» **ACTIVITY**
With the pictures left aside, write out the entries that follow exactly.

» **MATERIAL FOR THIS TASK**
-- Opening Marker --

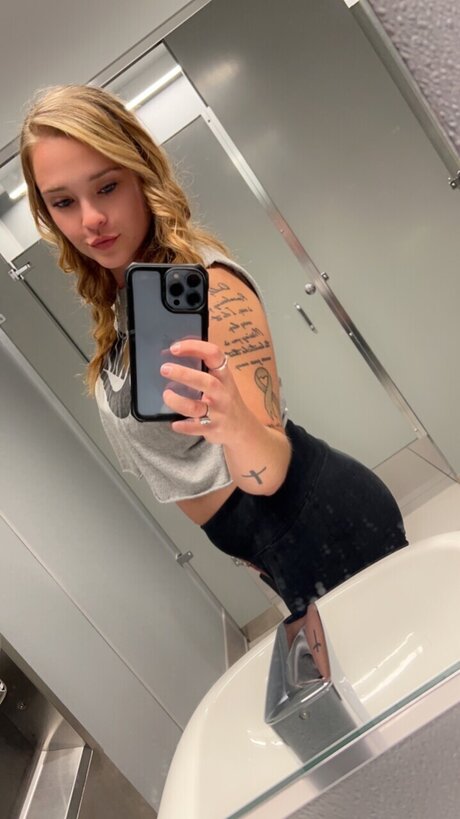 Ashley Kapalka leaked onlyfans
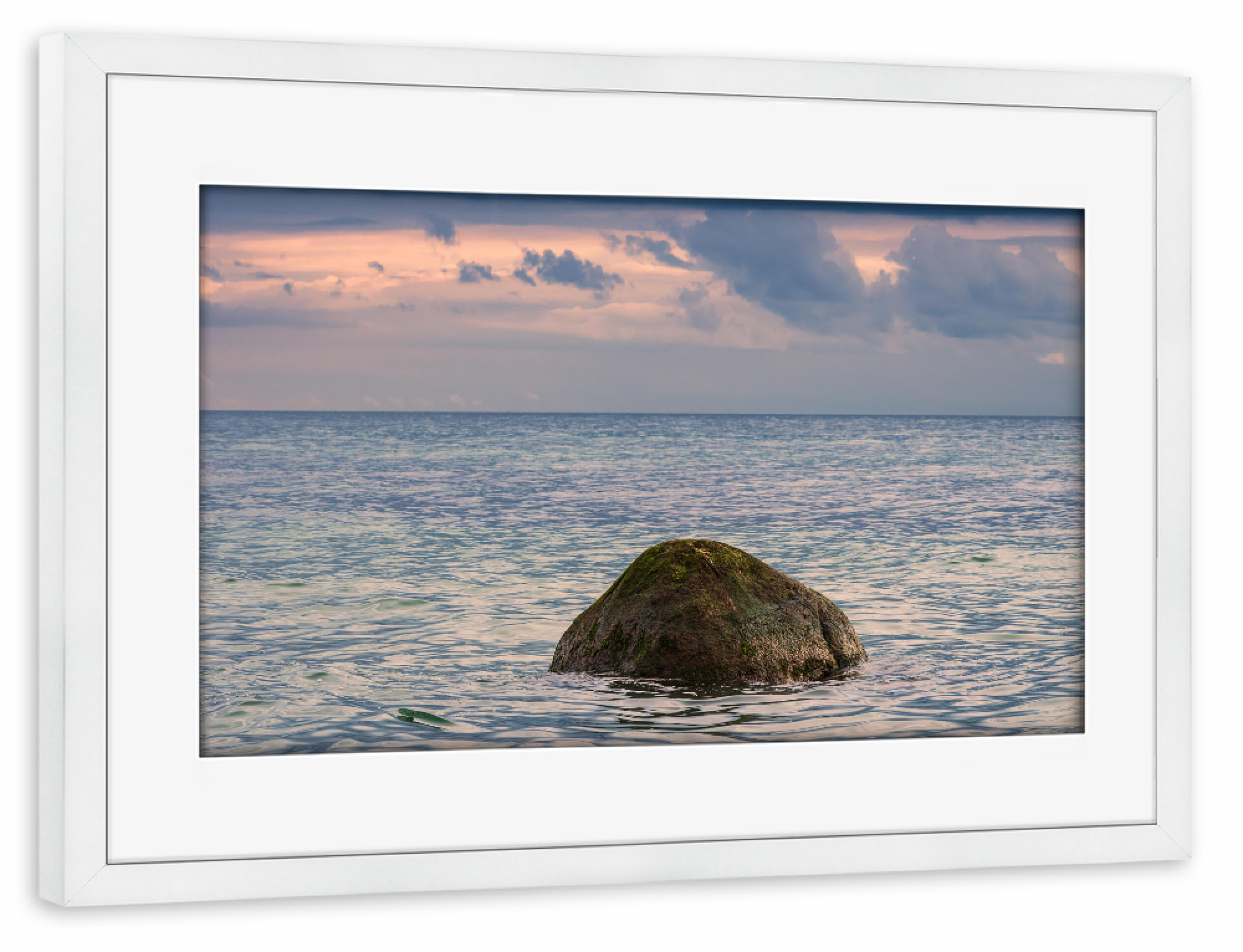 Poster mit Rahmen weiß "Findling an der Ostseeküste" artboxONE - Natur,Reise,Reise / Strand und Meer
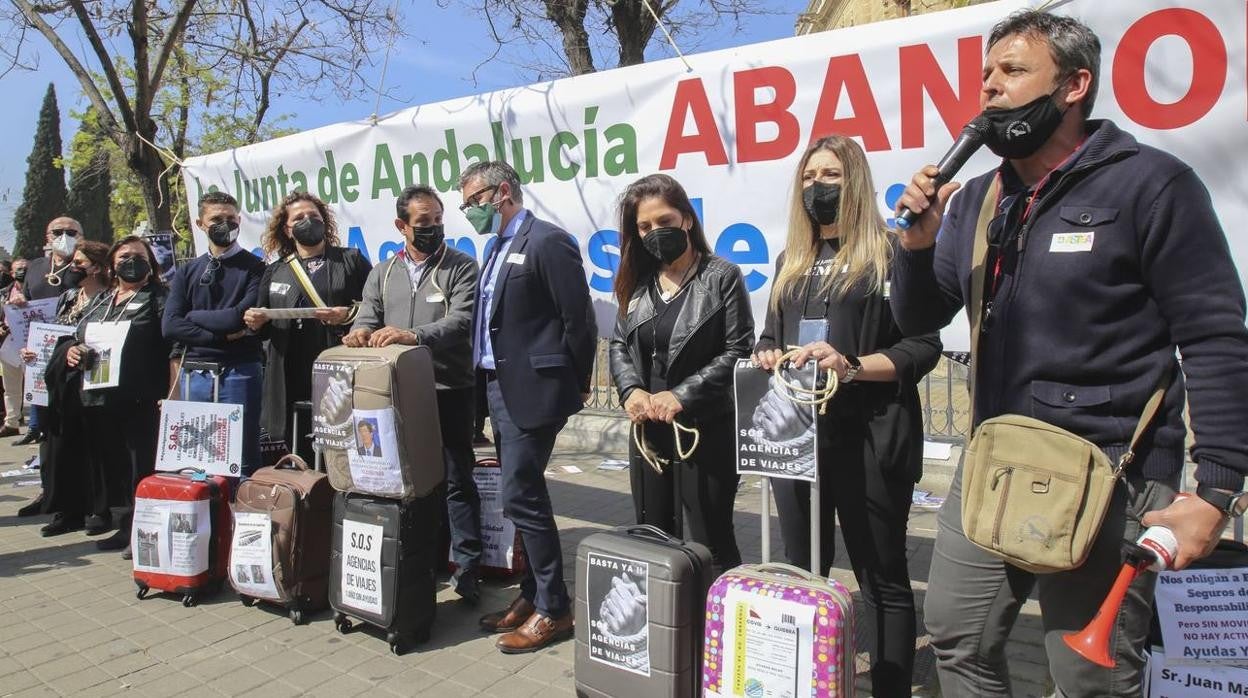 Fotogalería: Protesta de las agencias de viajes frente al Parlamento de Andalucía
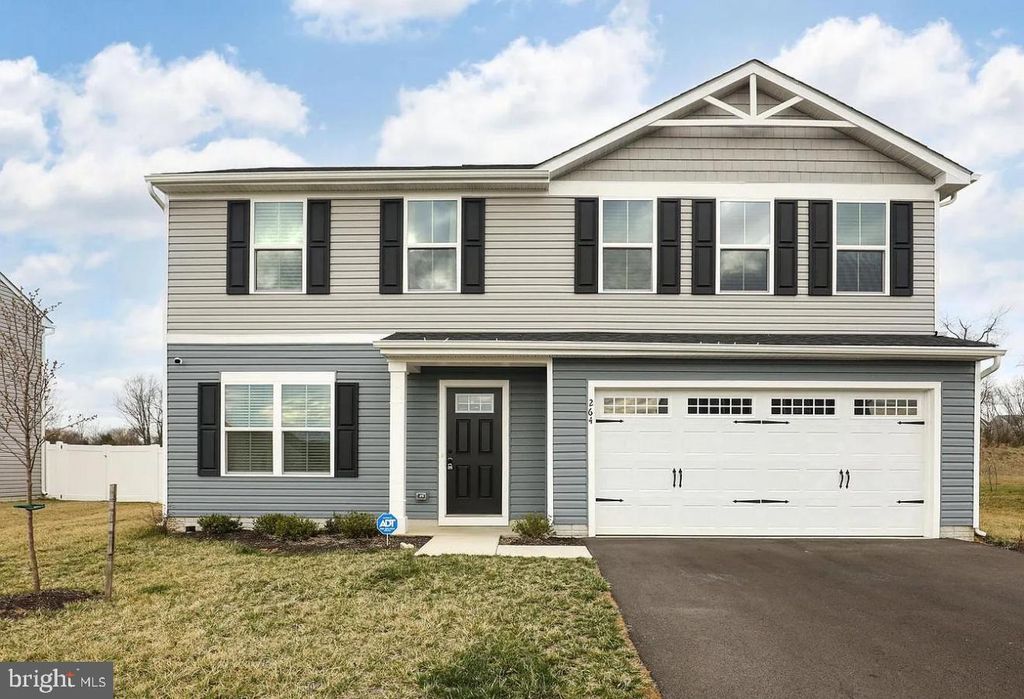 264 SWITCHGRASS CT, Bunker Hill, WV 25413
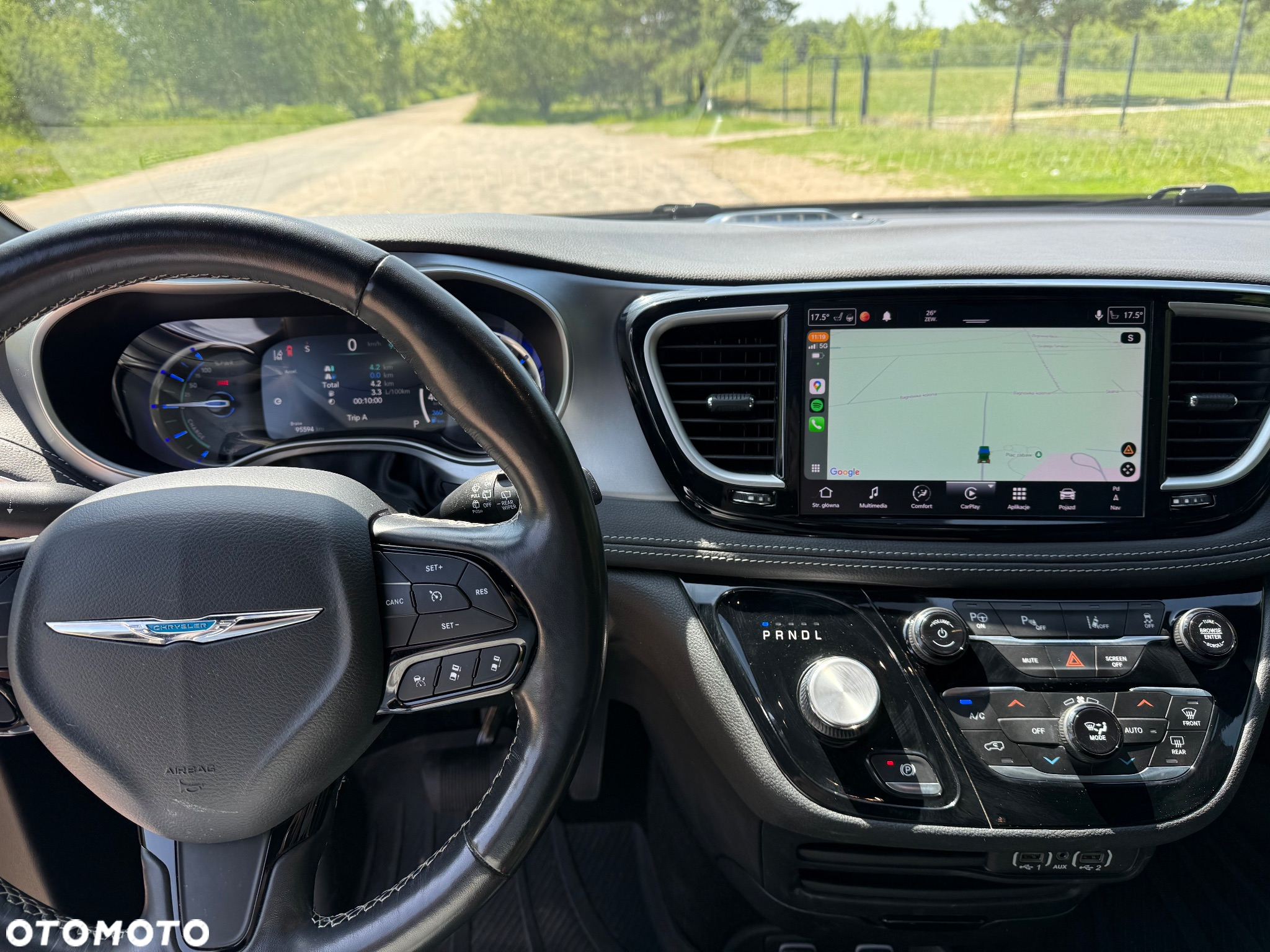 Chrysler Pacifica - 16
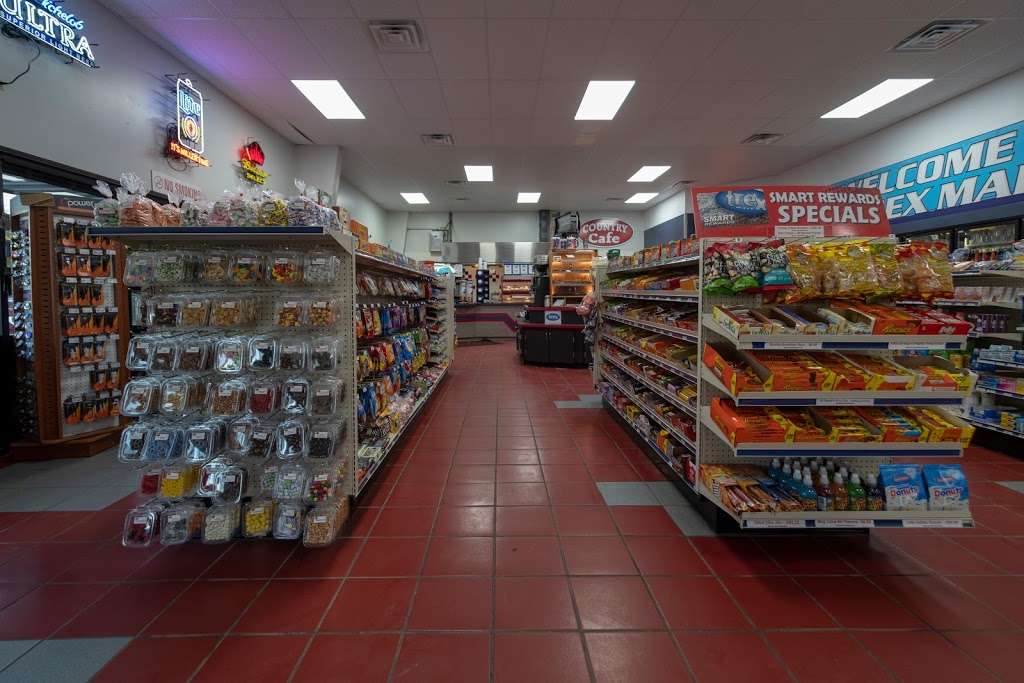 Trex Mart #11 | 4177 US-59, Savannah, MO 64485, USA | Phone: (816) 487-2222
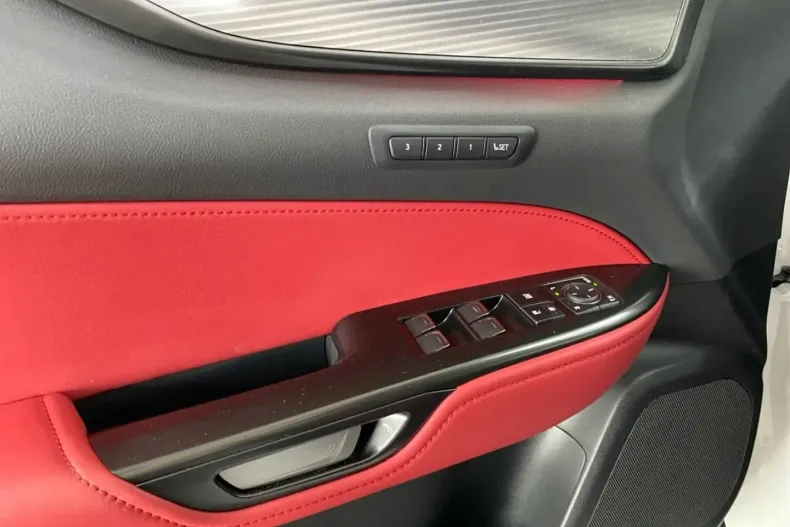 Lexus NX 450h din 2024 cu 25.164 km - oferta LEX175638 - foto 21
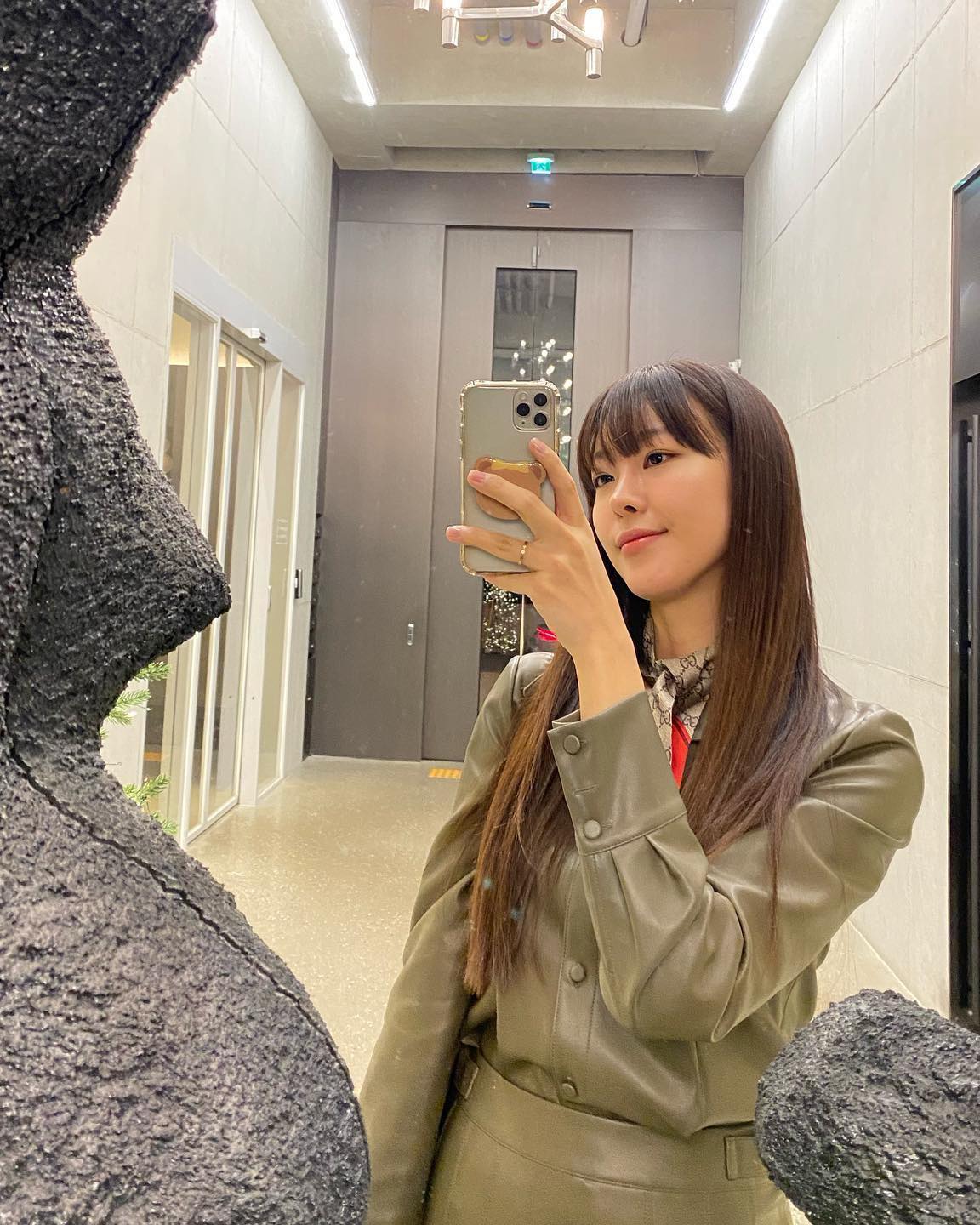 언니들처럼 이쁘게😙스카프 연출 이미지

-- Closing Marker --

» **COMPLETED EXERCISE**
 Ashley Kapalka leaked onlyfans
 Poster mit Rahmen weiß "Findling an der Ostseeküste" artboxONE - Natur,Reise,Reise / Strand und Meer
 Fotogalería: Protesta de las agencias de viajes frente al Parlamento de Andalucía
 264 SWITCHGRASS CT, Bunker Hill, WV 25413
 Chrysler Pacifica - 16
 Trex Mart #11 | 4177 US-59, Savannah, MO 64485, USA | Phone: (816) 487-2222
 Lexus NX 450h din 2024 cu 25.164 km - oferta LEX175638 - foto 21
 언니들처럼 이쁘게😙스카프 연출 이미지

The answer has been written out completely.